◆ Task to complete: Word for word, copy the line containing "Brilagi - LUMIX" and every line after it in the records below, leaving pictures out.

- Opening Delimiter -

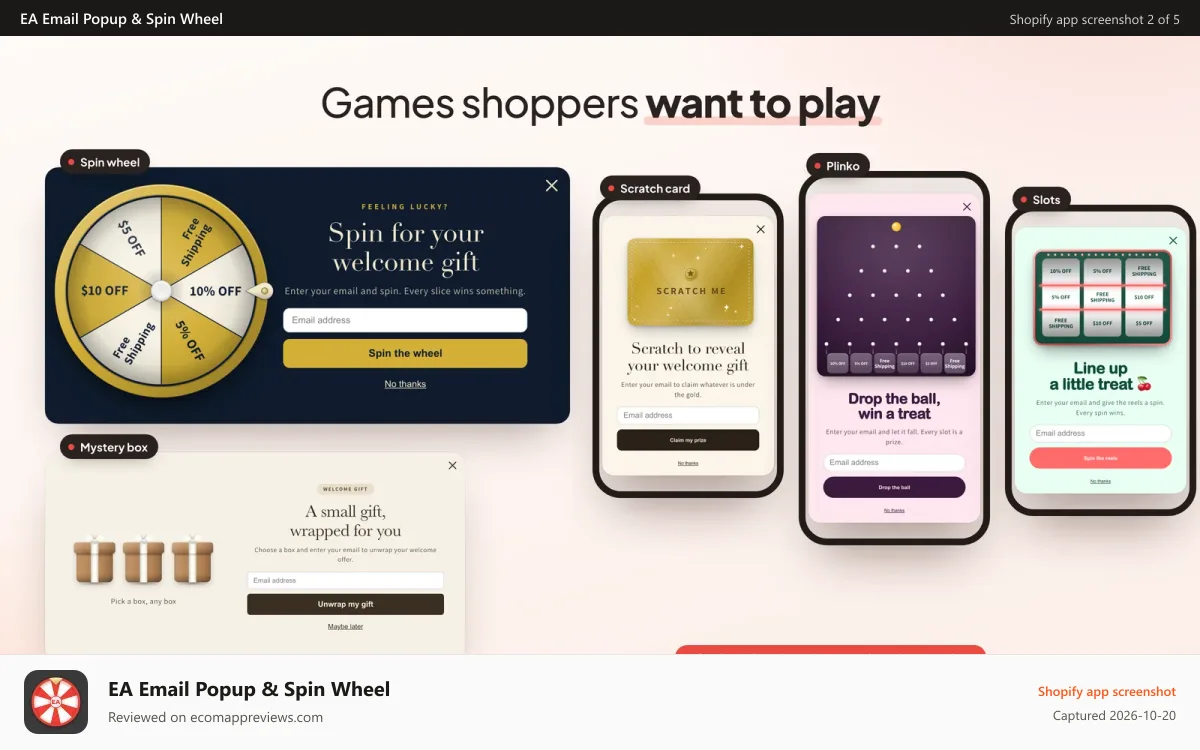 EA Email Popup & Spin Wheel Shopify app screenshot: Spin wheel, mystery box, scratch card, Plinko and slots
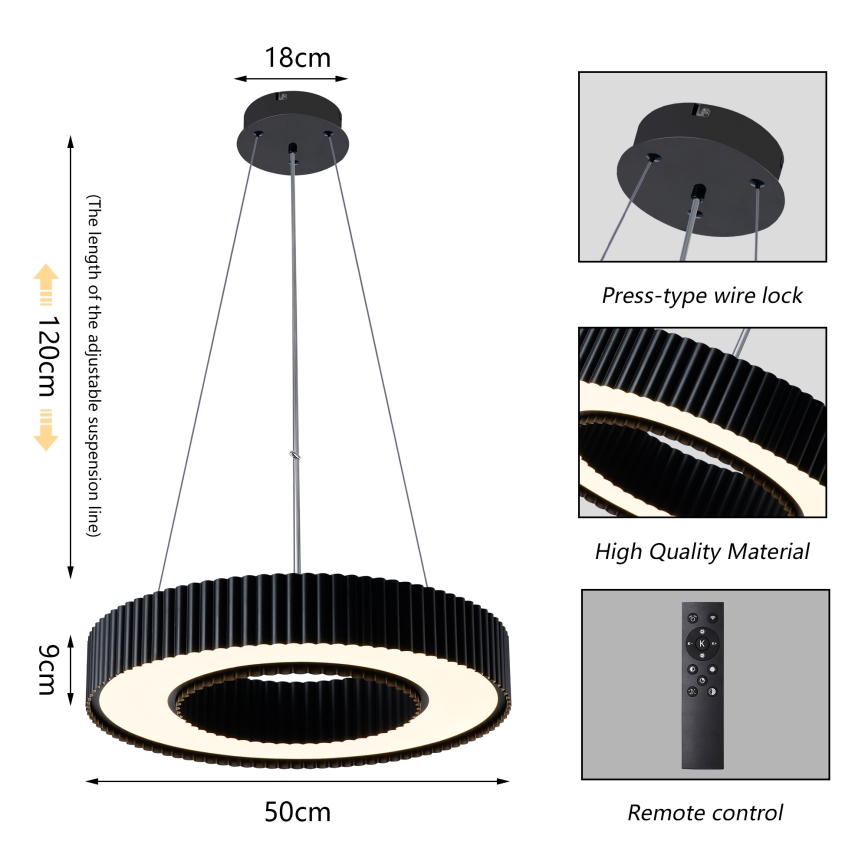 Brilagi - LUMIX LED hämardatav ripatsvalgusti kaablil, LED/48W/230V, 3000-6000K, must, läbimõõt 50 cm + kaugjuhtimispult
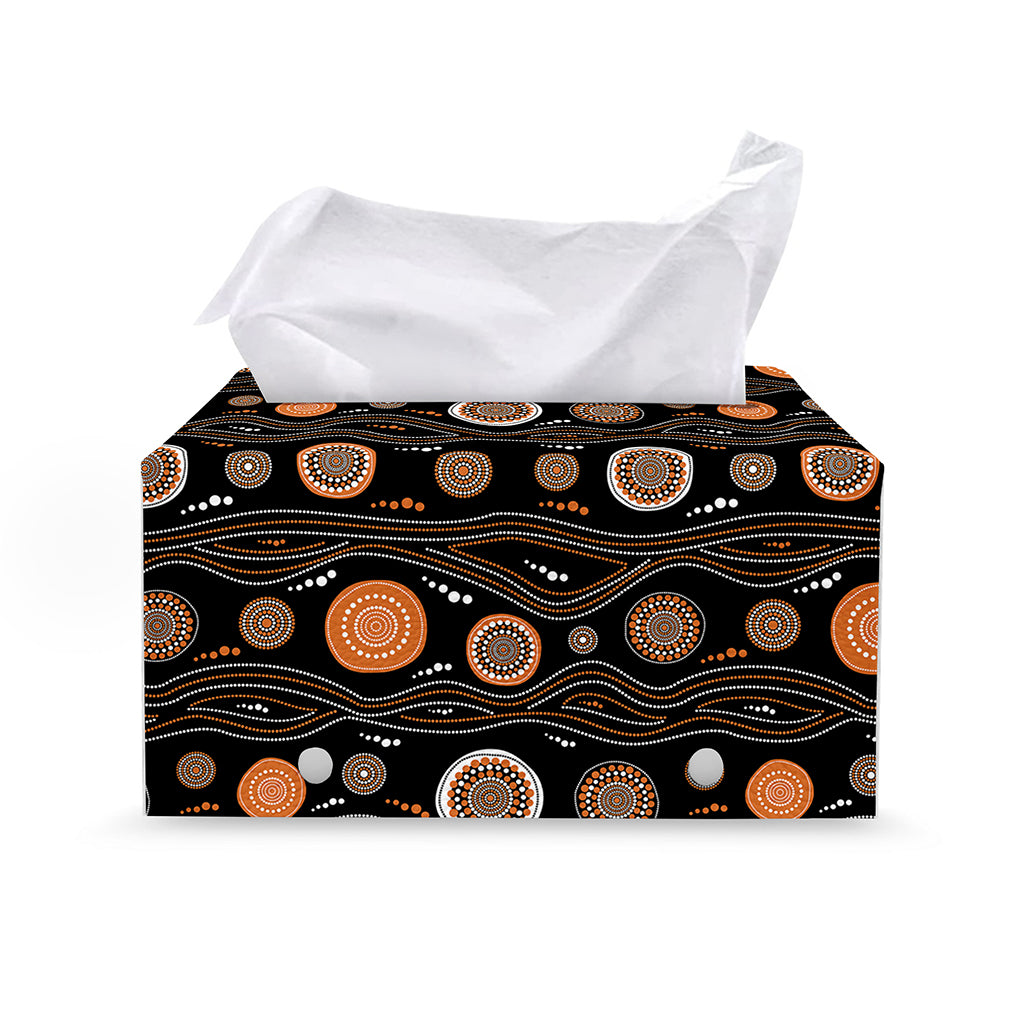 White And Orange Aboriginal Dot Print Leather Tissue Box Cover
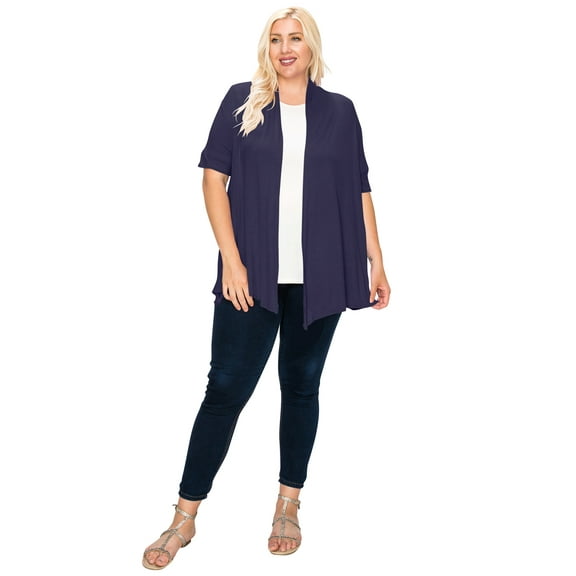 Women's Plus Size Casual Short Sleeve Open Front Cardigan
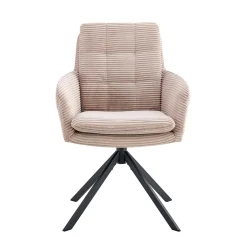 Eetkamerstoelen^Huisenthuis Armstoel Heleen Zand Ribstof – Set van 2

- Closing Delimiter -

◆ Finished task:
 Brilagi - LUMIX LED hämardatav ripatsvalgusti kaablil, LED/48W/230V, 3000-6000K, must, läbimõõt 50 cm + kaugjuhtimispult
 White And Orange Aboriginal Dot Print Leather Tissue Box Cover
 Women's Plus Size Casual Short Sleeve Open Front Cardigan
 Eetkamerstoelen^Huisenthuis Armstoel Heleen Zand Ribstof – Set van 2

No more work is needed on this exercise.